Tu cuerpo, mi ciudad. Por Velvet Romero García

La observaba desnuda entre las sábanas mientras dormía, su figura, apenas iluminada por las luces del farol narraba el encuentro fugaz de aquella tarde, su cuerpo y la ciudad se parecían –pensó-, se podían contar historias desde sus rincones, desde sus valles, muros y surcos; desde los recovecos oscuros que no pueden ser explorados sino bajo la mirada curiosa de los amantes en turno.

Esa noche mientras esperaban un café en el puesto de la esquina, por fin pudo acercarse a ella, explorar a su antojo su contorno, adivinar su silueta bajo el grueso impermeable que la cubría de la lluvia. La había imaginado diferente, como una pequeña luciérnaga perdida entre las luces de la ciudad, pero ahora podía, a simple vista, deleitarse con sus formas. Sintió su mirada inquisidora y ella volteó, divertida y juguetona le guiñó un ojo y supo lo que vendría después. Esperaron el café con menta que les había prometido el vendedor y se fueron caminando sin prisas por la oscuridad.

Su cuerpo parecía como el de todas las demás: las mismas formas, las mismas latitudes, el mismo orden invisible que circunda todos los cuerpos haciéndolos parecer indistinguibles, no fue sino hasta que lo sintió junto al suyo, que descubrió su complejidad. Poco a poco fue caminando entre sus muros, aproximándose a sus aromas, reconociendo sus sonidos, haciendo familiar sus movimientos y sintiendo sus heridas: dos surcos profundos en la espalda, recuerdos del cinto de su padrastro –como sabría más adelante-. Su cuerpo desnudo contaba la historia de su vida: una infancia triste, la huida temprana de su casa, la tempestad amorosa y el trabajo arduo.

Los primeros roces con su cuerpo le demostraron que el tiempo no estaba suspendido como lo había pensado cuando se sorprendió frente a la puerta del hotel, tenía miedo de perderse en la inmensidad de su abrazo y navegar entre la tibieza de sus rincones, pero ella con total seguridad, le ayudó explorar su laberinto, reconocer cada espacio, familiarizarse con sus contornos, con sus susurros, con las señales que su cuerpo le daba para continuar. La había pensado diferente, desde lejos parecía imponente, altiva e inextricable; pero ahora que dormía, la admiró pequeña, tranquila y hasta feliz.

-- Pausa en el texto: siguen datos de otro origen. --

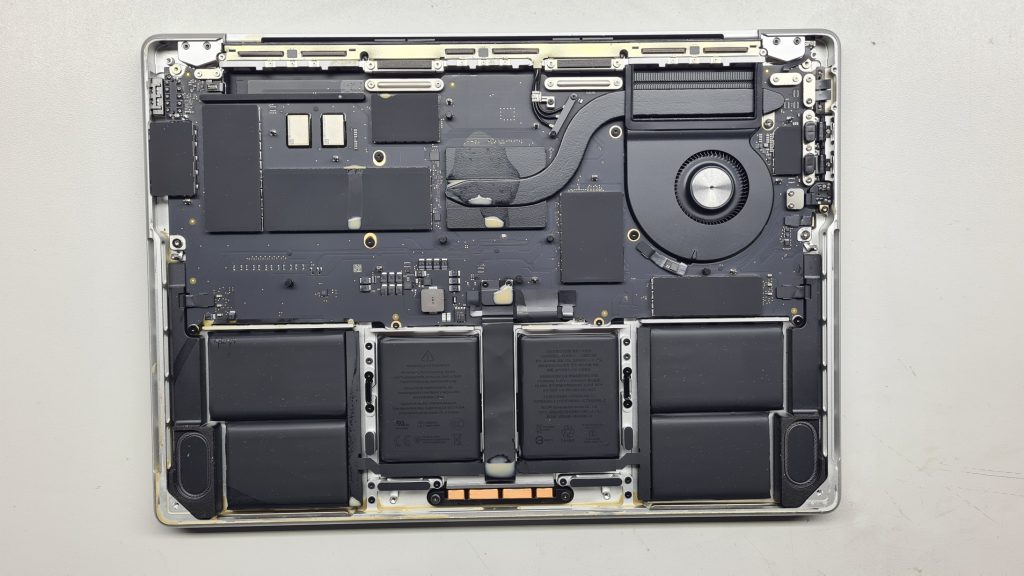 MacBook abierto con batería dañada a la vista – Cambio batería MacBook GameSystems Leganés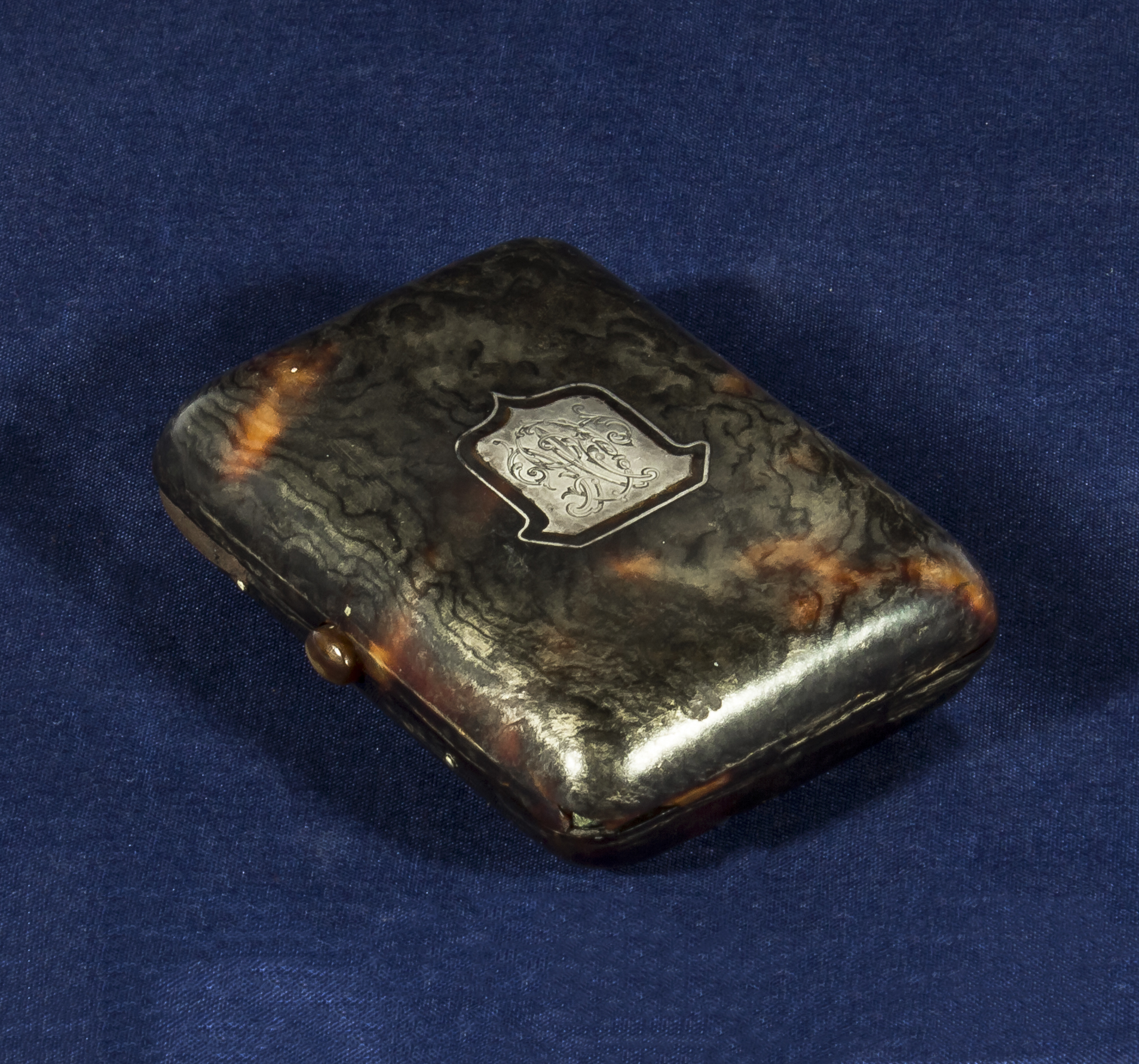 A tortoiseshell and silver purse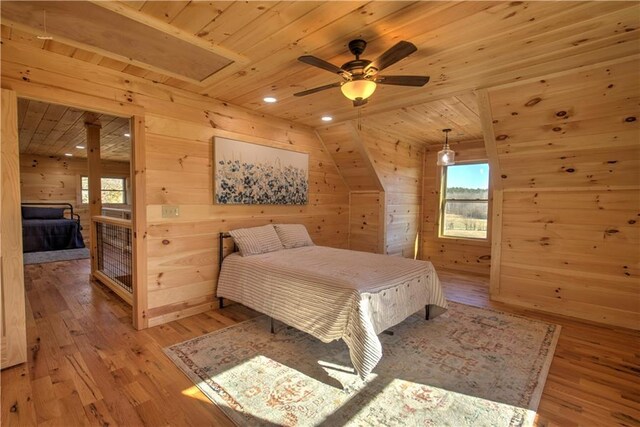 bedroom with ceiling fan, wood ceiling, multiple windows, and light hardwood / wood-style flooring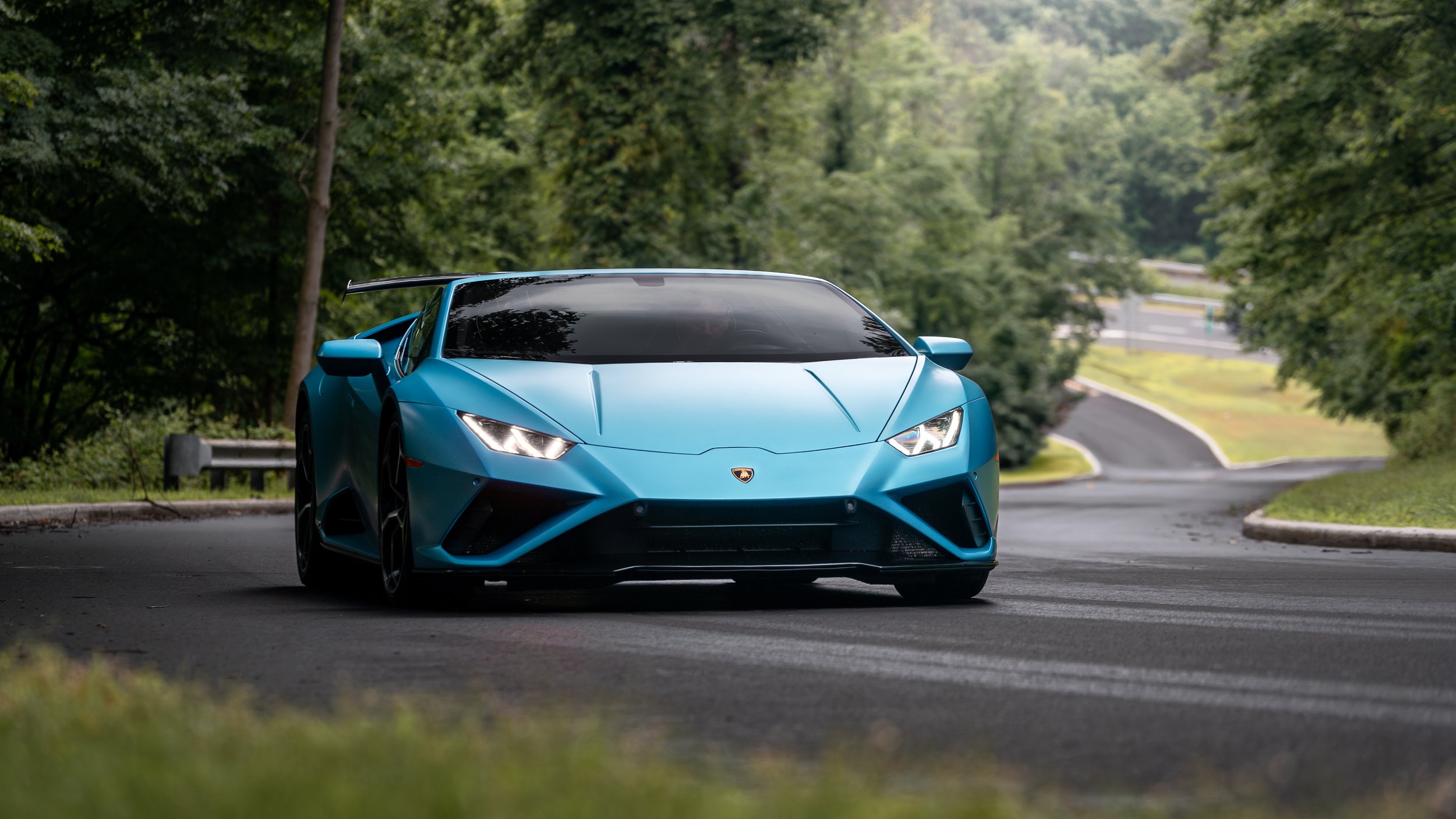 A blue Lamborghini Huracan Performante driving on a winding road surrounded by green trees.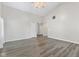 Bright living room featuring hard wood floors and a vaulted ceiling at 10693 Newgate Ln, Indianapolis, IN 46231
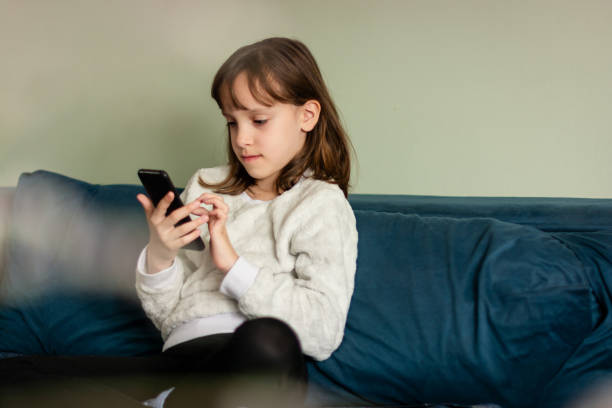 istock Girl looking at mobile phone 1648624748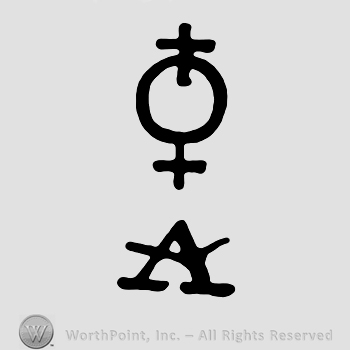 A circle with two crosses above an uppercase A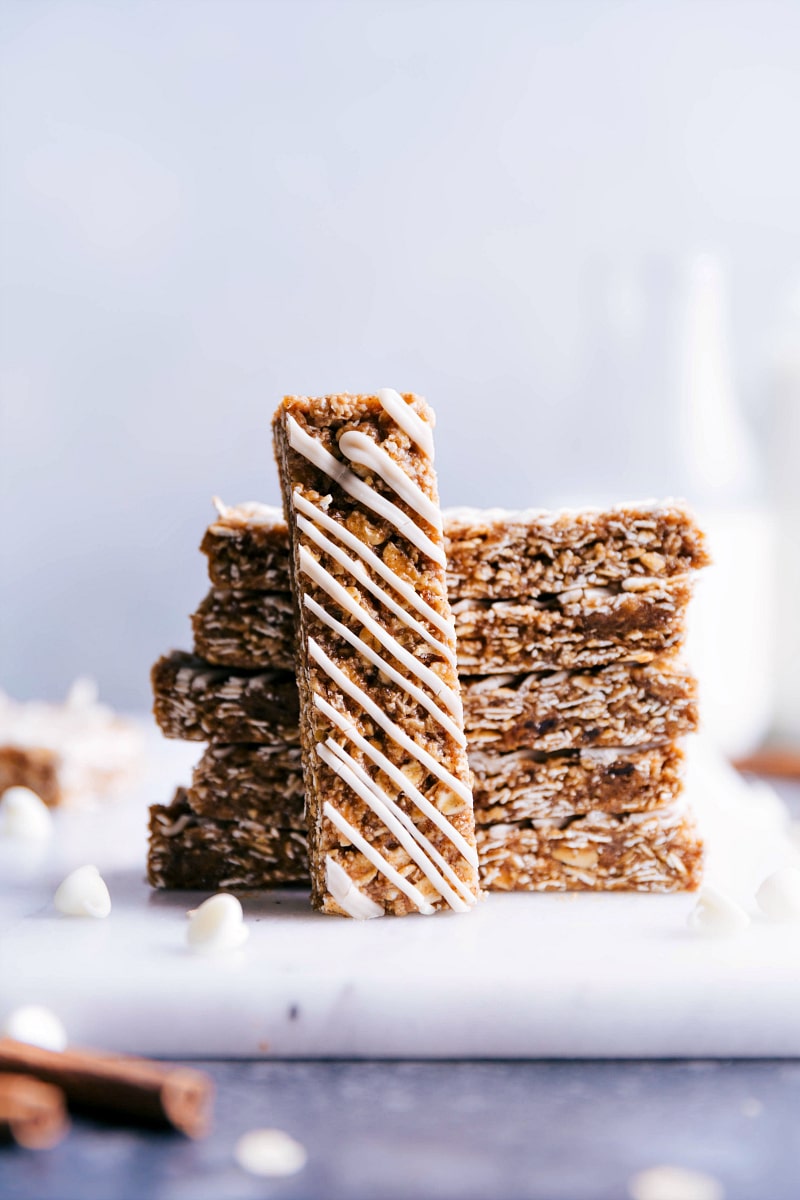 These Oatmeal Granola Bars are made to taste like an iced oatmeal cookie! Recipe via ChelseasMessyApron #quick #easy #snack #best #simple #glaze #oats #healthy #kidfriendly #oatmeal #granola #bars Oatmeal Granola Bars showing the glazed top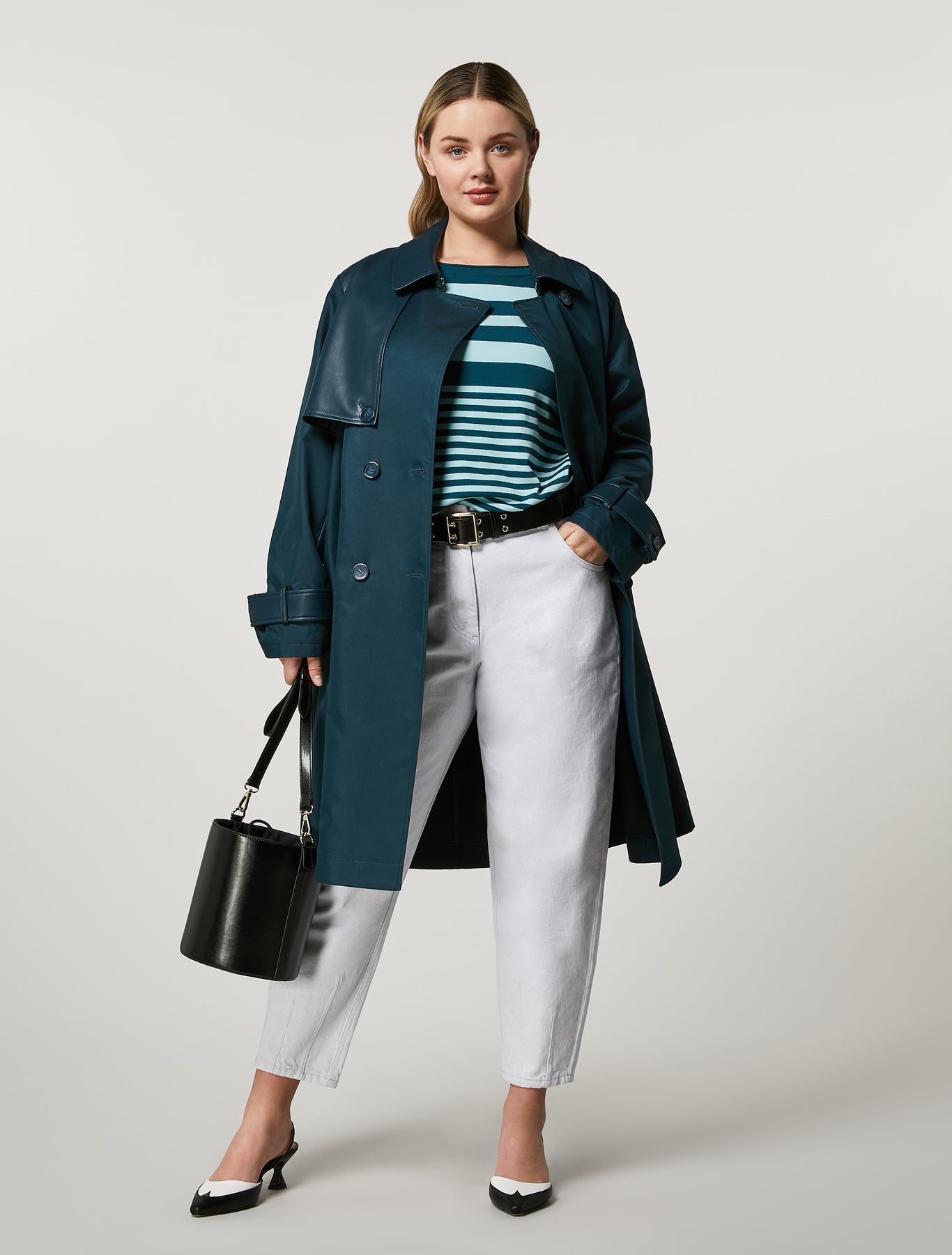 Crafted from water-resistant cotton with coated jersey details, the double-breasted trench coat features a lapel collar, belted waist and hook-and-eye closure for a sophisticated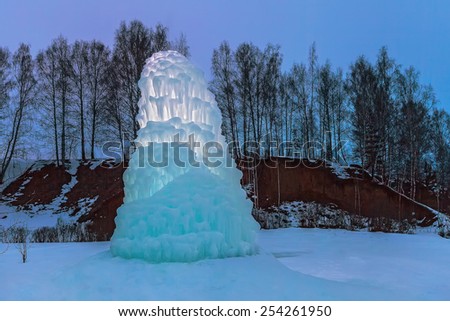 Prodigies of nature: giant icicle in the dusk near Tatinets village. Nizhniy Novgorod region.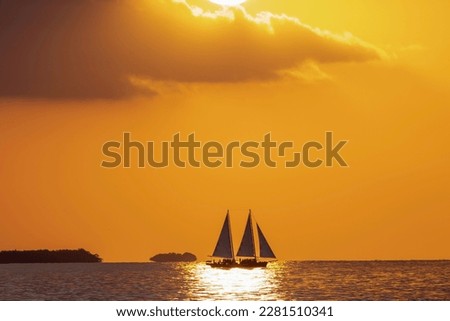 A sail boat is shadowed during the golden hour of sunset on the water off Key West Florida. 
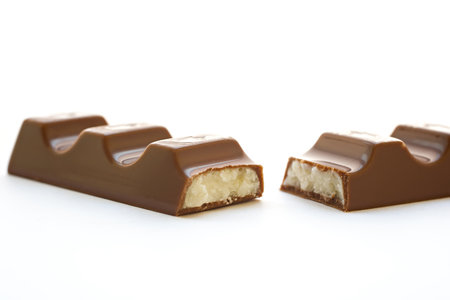 Bar of chocolate photographed on a white background.の写真素材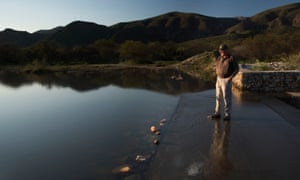 Farmer Pieter Kruger stands on a weir on his farm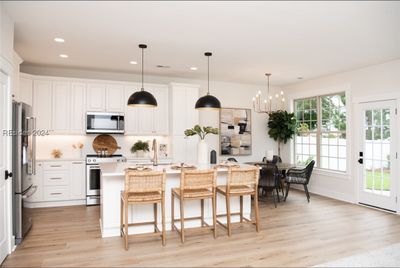 The kitchen has been remodeled and updated with new appliances, lighting, countertops, and the island has extra storage in it behind the bar stools | Image 1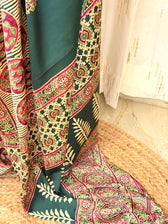 Detailed view of ivory Ajrakh pallu with fern leaf band and circular medallions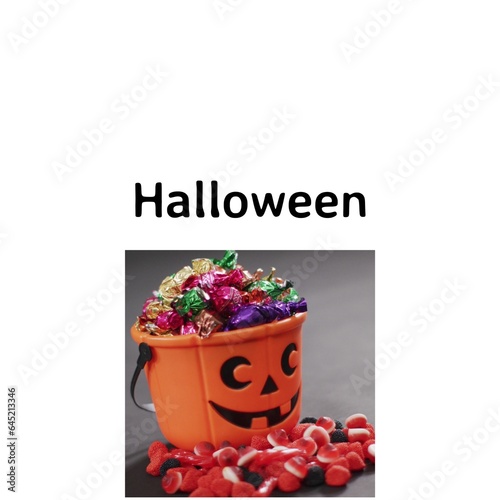 Composite of halloween text and halloween pumpkin with sweets on white background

Eran casi las seis, la tenue luz del alba hacía desaparecer poco a poco las sombras nocturnas. Había estado observándola toda la noche, temía que durmiendo desapareciera de la misma forma en que había entrado a su vida: intempestivamente. La miró despertarse, con una gran sonrisa de complicidad, -soy Sofía-, le dijo divertida y tú, te llamas Martha, lo sé por tu nombre bordado en tu uniforme, fue todo un placer.